What you should do:
Every line below must come back exactly as it stands, with the images omitted.

Available data:
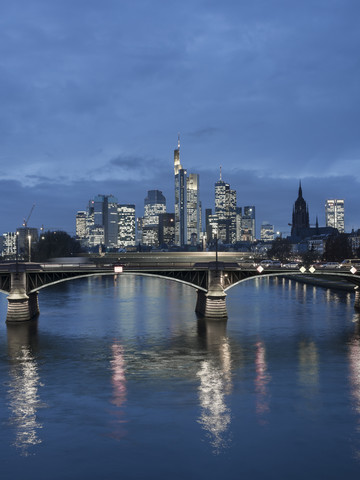 Deutschland, Frankfurt, Main mit Ignatz-Bubis-Brücke, Skyline des Finanzviertels im Hintergrund, lizenzfreies Stockfoto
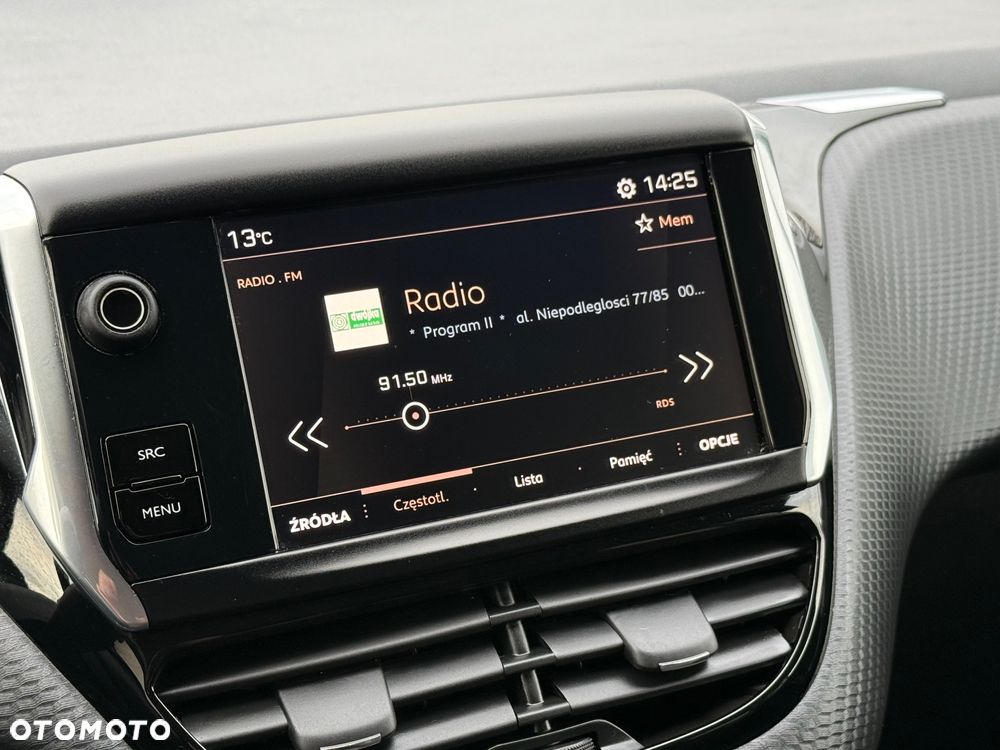 Peugeot 2008 BlueHDi 100 STOP & START Signature - 29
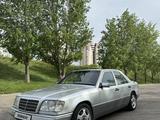 Mercedes-Benz E 280 1993 года за 2 800 000 тг. в Астана – фото 2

Task response:
 Deutschland, Frankfurt, Main mit Ignatz-Bubis-Brücke, Skyline des Finanzviertels im Hintergrund, lizenzfreies Stockfoto
 Peugeot 2008 BlueHDi 100 STOP & START Signature - 29
 Mercedes-Benz E 280 1993 года за 2 800 000 тг. в Астана – фото 2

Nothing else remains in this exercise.